Kampala- Makerere University churned out 1,291 graduate teachers during its 66th graduation yesterday but the ministry of Education said there is no money to employ them despite grappling with understaffing in some schools.

These, in addition to 3,064 graduates from the College of Humanities and Social Sciences who received their awards yesterday, will join a growing list of qualified Ugandans who cannot find jobs either in government or the private sector.

Mr Benson Kule, the commissioner in charge of secondary education in the Education ministry, yesterday told Daily Monitor there is no provision for recruitment in the Budget except to replace those who have retired, absconded or died.

“There is still a ceiling on recruiting teachers. What we recruit is a small number on replacement basis.
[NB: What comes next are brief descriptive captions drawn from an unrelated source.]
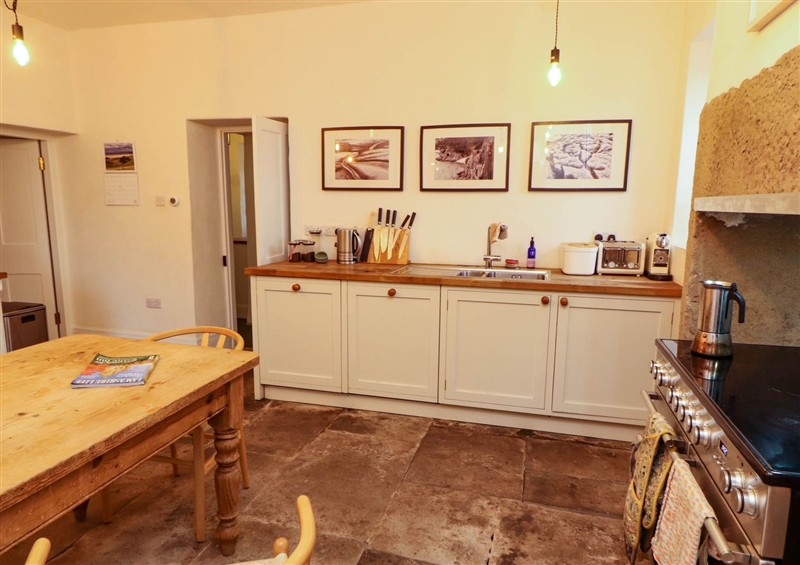 Kitchen at 1 The Green, Silverdale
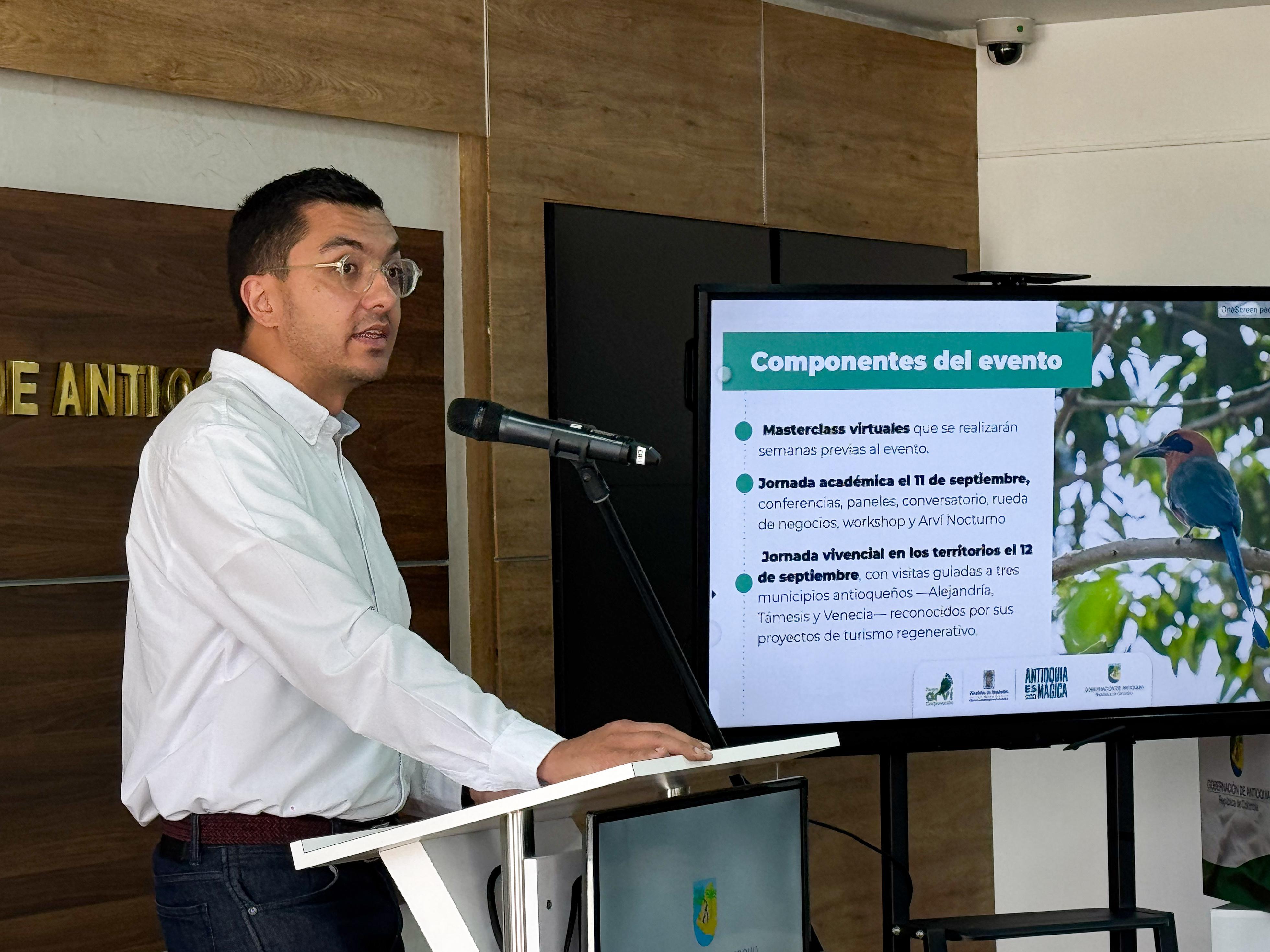 Primer Congreso Nacional de Turismo Regenerativo se realizará en territorio antioqueño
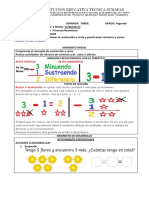 La Resta y Actividades de Afianzamiento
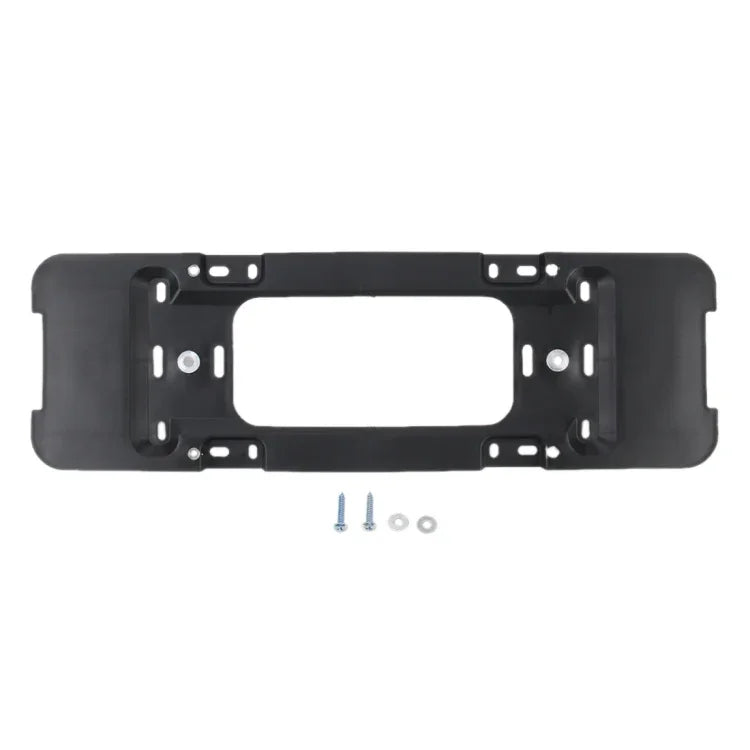 Suporte Base para Placa de Matrícula Traseira Suporte para Placa de Matrícula Base para Placa de Matrícula Frontal Moldura para Placa de Matrícula Base de Apoio, Suporte para Placa de Matrícula3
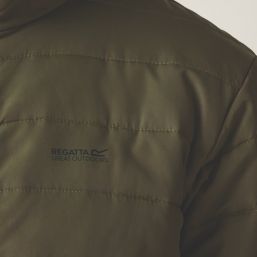 Regatta Helfa  Jacket Olive Night Medium 44.8" Chest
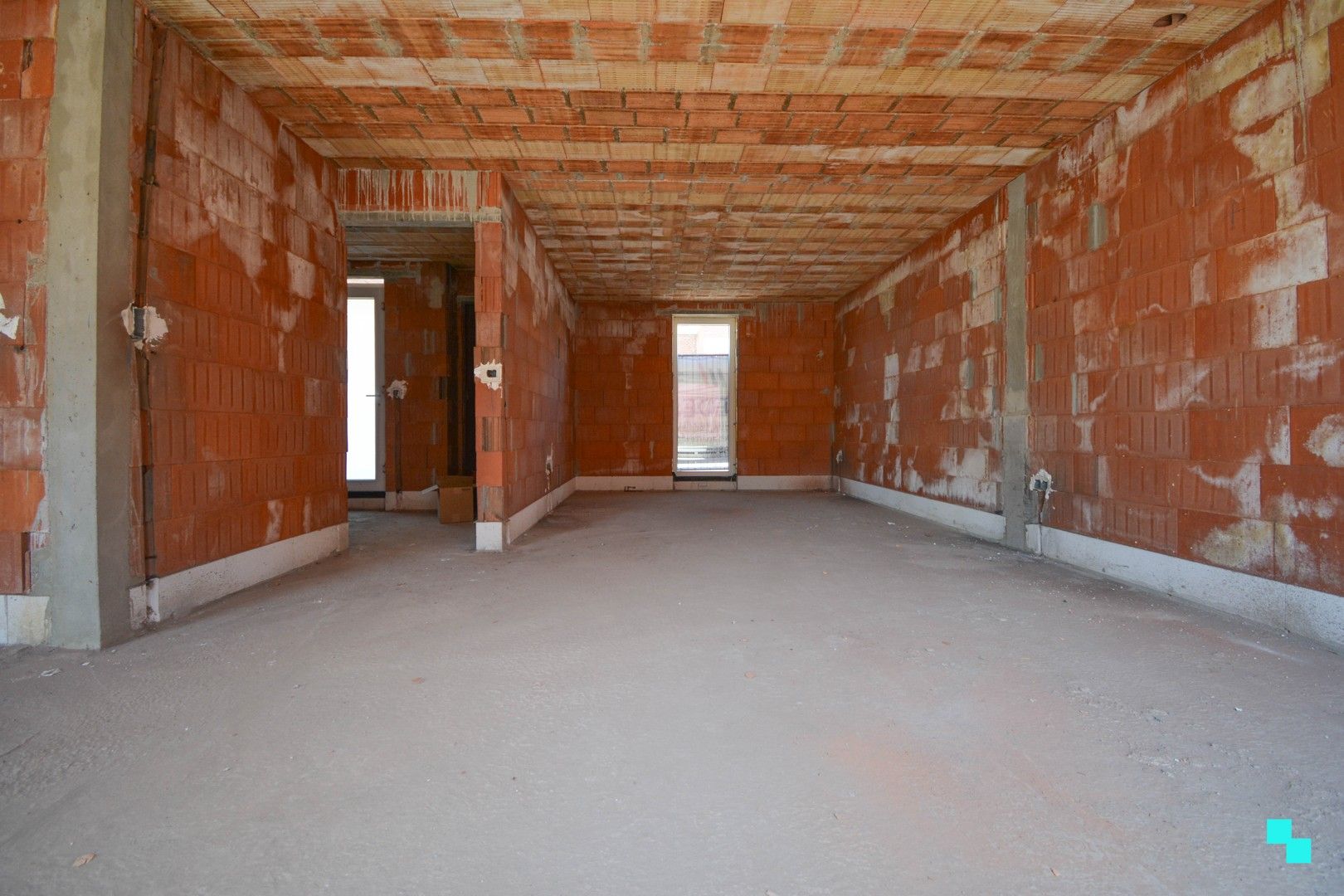 Gesloten nieuwbouwwoning met carport te Sleihage foto 12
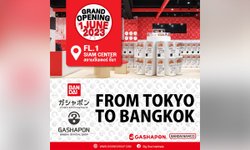 Big One เปิดร้าน Gashapon Bandai Official สาขาแรกในไทย ใหญ่สุดอาเซียน !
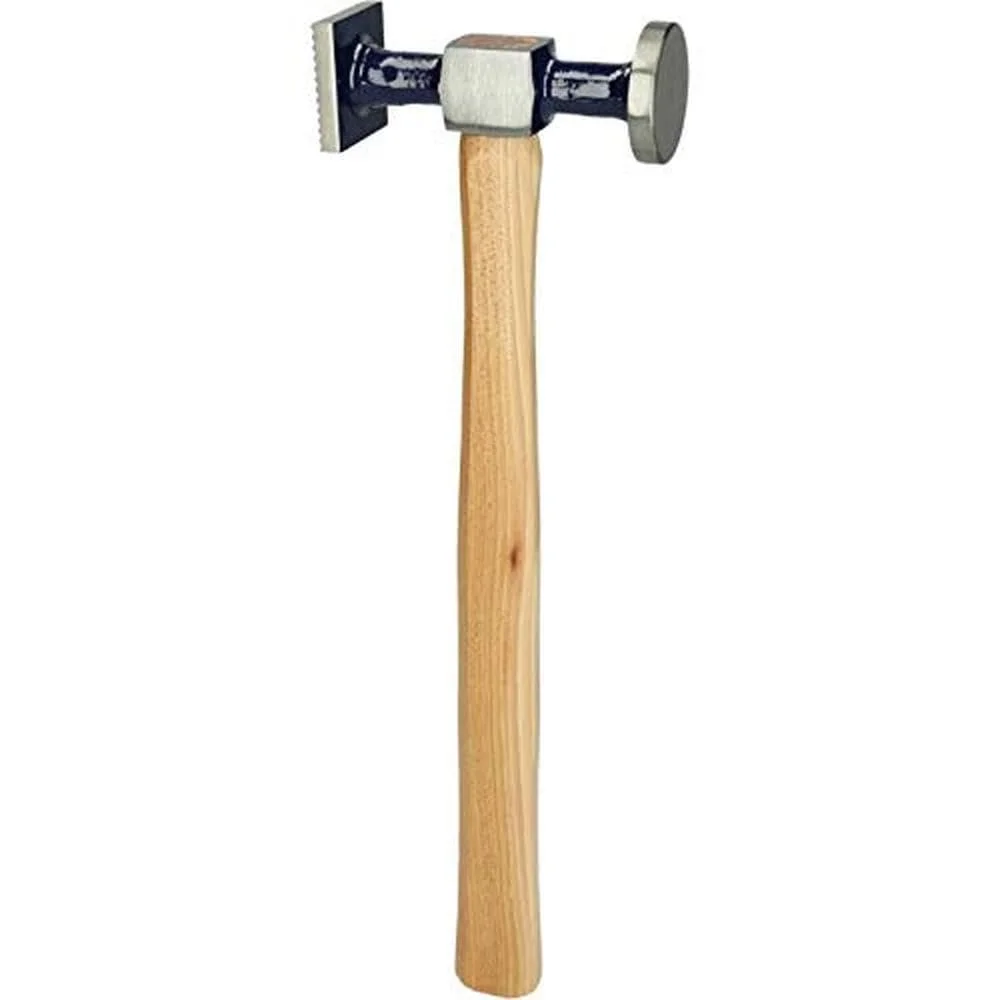 Рихтувальний молоток KS Tools 140.2132 рифлений круглий/квадратний 325 мм, фото №3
We were only given permission to replace those who died, absconded from duty and retired,” Mr Kule said.

Mr Daniel Nkaada, the commissioner in charge of primary education, said the last time the ministry did a survey, they needed to recruit more 6,000 teachers but this has not been possible because of a limited wage bill.
“There are districts which are doing poorly. We have Kitgum, for example, whose pupil- teacher ratio is at 1:70 instead of one teacher to 40 pupils. This is not good because it affects the learners performance,” Mr Nkaada said.
About 21,000 secondary school teachers are on government payroll against 130,000 primary teachers.